Stephen, I'm confused, I never said anywhere here there were only two specials to come. As I've mentioned elsewhere in the blog there are three to come after the last annual. In this post the only time I mentioned any of them was to say at this point in the run originally all we readers were aware of was the annual and that this would be followed by a summer special in 1988.
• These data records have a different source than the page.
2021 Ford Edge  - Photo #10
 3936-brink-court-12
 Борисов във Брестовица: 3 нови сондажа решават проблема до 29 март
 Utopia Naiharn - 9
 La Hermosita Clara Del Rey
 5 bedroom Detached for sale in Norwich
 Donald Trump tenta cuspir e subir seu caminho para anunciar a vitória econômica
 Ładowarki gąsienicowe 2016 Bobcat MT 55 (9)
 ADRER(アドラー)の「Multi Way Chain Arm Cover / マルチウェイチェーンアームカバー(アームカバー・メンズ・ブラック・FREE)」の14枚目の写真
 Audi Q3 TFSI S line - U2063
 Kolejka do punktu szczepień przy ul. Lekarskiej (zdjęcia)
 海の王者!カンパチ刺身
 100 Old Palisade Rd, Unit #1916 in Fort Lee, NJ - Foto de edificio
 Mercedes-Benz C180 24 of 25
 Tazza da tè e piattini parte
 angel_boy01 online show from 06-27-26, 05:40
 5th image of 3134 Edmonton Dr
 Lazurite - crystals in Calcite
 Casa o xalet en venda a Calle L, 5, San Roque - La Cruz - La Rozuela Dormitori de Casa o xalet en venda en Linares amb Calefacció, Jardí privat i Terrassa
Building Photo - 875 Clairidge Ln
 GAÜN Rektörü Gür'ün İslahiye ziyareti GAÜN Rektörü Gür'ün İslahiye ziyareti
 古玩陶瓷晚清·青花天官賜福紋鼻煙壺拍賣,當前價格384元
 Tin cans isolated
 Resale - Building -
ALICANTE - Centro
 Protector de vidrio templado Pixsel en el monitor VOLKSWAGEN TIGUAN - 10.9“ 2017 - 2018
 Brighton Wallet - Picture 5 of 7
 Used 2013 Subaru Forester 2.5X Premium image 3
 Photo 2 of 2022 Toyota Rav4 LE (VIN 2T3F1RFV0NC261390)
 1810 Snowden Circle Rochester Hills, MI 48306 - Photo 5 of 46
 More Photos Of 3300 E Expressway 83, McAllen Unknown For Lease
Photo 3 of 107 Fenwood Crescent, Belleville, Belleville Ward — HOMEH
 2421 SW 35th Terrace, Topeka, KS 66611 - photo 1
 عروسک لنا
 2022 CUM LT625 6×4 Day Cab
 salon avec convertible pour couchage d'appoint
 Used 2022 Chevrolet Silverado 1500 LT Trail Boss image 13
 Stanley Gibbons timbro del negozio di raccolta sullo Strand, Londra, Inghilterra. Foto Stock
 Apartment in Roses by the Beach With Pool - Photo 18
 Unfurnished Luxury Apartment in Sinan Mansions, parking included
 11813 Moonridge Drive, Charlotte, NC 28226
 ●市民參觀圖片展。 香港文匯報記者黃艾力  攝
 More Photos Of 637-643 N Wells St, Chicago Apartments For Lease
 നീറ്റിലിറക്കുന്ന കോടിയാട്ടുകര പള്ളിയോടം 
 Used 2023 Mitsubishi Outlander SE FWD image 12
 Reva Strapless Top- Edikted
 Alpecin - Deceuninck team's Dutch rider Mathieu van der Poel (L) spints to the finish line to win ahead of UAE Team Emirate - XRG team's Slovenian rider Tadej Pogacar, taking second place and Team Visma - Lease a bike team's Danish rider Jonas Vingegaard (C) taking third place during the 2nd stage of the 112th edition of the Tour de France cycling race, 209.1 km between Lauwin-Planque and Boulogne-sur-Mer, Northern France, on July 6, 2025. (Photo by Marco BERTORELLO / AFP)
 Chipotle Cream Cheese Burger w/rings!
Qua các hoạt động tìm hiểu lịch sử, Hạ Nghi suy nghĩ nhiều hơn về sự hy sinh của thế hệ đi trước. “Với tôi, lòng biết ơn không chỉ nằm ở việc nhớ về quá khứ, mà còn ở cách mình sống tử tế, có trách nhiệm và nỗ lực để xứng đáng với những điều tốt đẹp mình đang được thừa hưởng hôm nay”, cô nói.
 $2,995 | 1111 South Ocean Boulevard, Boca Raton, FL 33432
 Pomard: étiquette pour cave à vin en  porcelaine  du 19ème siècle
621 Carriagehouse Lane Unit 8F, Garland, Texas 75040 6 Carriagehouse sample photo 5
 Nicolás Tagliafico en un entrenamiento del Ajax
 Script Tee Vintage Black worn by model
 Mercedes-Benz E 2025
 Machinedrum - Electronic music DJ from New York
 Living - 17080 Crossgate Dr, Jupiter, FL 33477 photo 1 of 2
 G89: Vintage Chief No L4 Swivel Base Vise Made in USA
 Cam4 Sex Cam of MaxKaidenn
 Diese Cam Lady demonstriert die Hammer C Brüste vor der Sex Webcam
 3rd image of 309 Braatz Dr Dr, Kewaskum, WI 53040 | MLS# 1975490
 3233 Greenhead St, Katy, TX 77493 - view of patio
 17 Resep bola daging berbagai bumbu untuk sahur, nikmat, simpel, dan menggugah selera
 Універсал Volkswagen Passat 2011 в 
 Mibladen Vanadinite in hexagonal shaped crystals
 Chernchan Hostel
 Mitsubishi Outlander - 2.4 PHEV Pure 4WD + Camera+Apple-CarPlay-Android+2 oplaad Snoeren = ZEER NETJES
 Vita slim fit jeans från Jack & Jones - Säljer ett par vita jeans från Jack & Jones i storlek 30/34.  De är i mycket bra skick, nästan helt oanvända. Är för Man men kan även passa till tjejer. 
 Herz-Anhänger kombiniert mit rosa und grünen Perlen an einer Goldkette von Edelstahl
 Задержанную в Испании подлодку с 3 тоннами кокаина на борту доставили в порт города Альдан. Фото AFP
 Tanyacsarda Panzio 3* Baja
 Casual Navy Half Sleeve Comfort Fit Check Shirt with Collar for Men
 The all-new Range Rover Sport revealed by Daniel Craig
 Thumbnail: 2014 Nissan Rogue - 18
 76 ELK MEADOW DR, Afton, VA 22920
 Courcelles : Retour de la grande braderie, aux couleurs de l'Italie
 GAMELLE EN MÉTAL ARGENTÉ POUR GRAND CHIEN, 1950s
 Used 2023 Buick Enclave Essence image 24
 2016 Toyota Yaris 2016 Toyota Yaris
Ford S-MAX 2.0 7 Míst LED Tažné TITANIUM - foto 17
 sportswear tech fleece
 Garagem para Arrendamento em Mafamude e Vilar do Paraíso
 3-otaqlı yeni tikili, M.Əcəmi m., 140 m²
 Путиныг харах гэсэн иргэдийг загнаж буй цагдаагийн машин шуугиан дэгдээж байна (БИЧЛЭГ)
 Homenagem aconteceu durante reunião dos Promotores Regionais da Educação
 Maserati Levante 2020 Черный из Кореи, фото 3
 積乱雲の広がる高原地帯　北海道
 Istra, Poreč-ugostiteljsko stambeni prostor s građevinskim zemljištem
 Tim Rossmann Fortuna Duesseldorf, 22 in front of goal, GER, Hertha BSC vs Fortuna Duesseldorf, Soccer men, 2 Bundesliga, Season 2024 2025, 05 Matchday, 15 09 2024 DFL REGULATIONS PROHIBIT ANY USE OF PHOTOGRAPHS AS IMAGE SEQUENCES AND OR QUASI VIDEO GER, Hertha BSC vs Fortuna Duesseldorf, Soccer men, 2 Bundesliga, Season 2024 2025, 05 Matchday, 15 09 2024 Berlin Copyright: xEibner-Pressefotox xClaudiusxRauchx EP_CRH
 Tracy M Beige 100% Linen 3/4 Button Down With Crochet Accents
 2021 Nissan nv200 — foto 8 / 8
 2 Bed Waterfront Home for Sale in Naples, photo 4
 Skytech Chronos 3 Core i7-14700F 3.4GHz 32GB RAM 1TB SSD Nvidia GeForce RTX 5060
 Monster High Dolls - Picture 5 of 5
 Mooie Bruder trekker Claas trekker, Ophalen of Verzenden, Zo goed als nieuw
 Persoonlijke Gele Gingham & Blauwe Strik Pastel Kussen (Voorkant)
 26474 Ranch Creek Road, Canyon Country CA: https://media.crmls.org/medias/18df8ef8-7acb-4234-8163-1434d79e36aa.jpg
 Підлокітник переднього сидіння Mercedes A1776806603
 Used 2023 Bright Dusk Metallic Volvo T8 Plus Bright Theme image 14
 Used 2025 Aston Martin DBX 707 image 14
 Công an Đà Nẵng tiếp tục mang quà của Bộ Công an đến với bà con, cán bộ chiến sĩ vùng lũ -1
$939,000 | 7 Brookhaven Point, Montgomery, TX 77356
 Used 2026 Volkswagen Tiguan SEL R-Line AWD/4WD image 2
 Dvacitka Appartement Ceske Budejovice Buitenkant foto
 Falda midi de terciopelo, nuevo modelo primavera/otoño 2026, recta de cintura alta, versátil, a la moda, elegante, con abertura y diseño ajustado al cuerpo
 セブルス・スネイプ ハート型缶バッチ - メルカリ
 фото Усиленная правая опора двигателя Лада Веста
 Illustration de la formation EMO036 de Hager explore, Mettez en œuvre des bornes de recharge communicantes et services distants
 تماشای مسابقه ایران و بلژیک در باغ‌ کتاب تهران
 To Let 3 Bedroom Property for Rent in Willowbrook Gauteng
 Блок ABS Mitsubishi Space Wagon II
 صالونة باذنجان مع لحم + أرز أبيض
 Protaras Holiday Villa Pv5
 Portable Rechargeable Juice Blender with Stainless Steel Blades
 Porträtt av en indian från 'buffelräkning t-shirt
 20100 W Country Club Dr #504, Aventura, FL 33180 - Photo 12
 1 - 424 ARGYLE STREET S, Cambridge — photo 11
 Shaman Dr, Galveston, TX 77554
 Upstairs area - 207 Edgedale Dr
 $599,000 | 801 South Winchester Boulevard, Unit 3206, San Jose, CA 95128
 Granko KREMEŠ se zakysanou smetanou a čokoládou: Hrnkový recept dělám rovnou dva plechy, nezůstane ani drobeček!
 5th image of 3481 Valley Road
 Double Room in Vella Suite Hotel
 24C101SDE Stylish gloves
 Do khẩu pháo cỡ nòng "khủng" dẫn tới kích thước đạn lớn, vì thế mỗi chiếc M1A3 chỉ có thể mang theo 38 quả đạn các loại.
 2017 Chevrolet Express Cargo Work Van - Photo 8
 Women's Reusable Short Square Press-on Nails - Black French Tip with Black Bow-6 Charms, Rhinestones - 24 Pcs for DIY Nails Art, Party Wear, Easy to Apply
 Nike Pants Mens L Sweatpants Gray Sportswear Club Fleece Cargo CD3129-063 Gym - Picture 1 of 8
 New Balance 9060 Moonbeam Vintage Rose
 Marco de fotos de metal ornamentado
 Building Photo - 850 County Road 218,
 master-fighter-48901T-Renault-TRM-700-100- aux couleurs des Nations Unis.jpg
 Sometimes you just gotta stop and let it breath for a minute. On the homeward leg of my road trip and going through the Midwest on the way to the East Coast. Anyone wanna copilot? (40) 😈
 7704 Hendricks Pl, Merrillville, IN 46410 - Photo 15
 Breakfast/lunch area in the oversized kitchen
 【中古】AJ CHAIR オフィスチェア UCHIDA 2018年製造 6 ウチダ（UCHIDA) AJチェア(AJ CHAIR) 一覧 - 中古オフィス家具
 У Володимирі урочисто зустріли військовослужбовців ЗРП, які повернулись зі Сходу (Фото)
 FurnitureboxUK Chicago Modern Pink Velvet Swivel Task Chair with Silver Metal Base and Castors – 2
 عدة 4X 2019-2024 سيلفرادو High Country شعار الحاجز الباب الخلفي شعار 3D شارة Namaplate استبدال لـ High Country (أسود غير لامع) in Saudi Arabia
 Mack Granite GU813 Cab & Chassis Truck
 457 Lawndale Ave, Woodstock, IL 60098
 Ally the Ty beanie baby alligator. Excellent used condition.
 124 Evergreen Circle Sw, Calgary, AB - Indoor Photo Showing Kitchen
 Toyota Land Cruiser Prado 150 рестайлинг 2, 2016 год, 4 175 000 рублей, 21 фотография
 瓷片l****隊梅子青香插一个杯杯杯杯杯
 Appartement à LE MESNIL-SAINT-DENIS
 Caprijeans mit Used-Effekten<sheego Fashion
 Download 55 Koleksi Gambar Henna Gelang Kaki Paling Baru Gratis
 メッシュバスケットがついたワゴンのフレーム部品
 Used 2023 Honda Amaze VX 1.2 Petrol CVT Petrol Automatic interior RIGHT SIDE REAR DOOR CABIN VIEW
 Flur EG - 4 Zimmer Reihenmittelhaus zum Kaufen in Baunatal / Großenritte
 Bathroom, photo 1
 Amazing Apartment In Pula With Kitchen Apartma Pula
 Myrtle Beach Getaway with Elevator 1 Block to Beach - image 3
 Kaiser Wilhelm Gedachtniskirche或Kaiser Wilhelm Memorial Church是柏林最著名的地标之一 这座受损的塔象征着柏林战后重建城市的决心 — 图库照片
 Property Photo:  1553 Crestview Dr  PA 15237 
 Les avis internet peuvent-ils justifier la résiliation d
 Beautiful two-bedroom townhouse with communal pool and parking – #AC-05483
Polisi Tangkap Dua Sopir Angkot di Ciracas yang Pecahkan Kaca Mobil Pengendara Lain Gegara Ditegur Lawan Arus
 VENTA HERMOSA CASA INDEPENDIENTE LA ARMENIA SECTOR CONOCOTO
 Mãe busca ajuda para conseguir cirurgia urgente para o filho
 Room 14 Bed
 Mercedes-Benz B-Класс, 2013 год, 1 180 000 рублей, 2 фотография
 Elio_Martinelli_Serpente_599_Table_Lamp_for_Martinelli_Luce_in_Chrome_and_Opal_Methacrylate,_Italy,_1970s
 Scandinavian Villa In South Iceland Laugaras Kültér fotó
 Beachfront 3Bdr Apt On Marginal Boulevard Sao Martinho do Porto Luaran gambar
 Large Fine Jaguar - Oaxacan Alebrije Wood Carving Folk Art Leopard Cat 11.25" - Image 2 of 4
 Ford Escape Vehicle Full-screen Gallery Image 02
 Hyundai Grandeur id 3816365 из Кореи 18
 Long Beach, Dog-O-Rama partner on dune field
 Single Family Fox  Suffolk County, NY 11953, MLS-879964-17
Sorry, my bad; had other things on my mind. Glad to see you’re on the case; saves me coming round to chuck a bucket of pigswill over you! Actually beyond the fact that for most of IPC’s long-lost comics (Shiver & Shake, Cor, etc.) yearly revivals in holiday special format was now well in the past, it was somehow appropriate that Oink breathed its last in this formal in 1990. I tend to think of Oink ripping down convention like The Young Ones (Vyvyan tearing up a Good Life intro, etc.) The comics industry had changed so it was doubtful that this format would have been sustainable for Oink for long, but to me it was too alive and vital to have been given the treatment that the above-named titles took for granted for so long. Viva Oink!

Phil Boyce said...

When writing up Wildcat, which started off the back of the free preview issue given away at the time of the last Oink!, I note it also had a holiday and winter special in the same way as Oink! did during 1989 even though it was cancelled early that year. The winter special was even of the same ilk, with the glossy thick cover, shiny interior paper and price tag to match.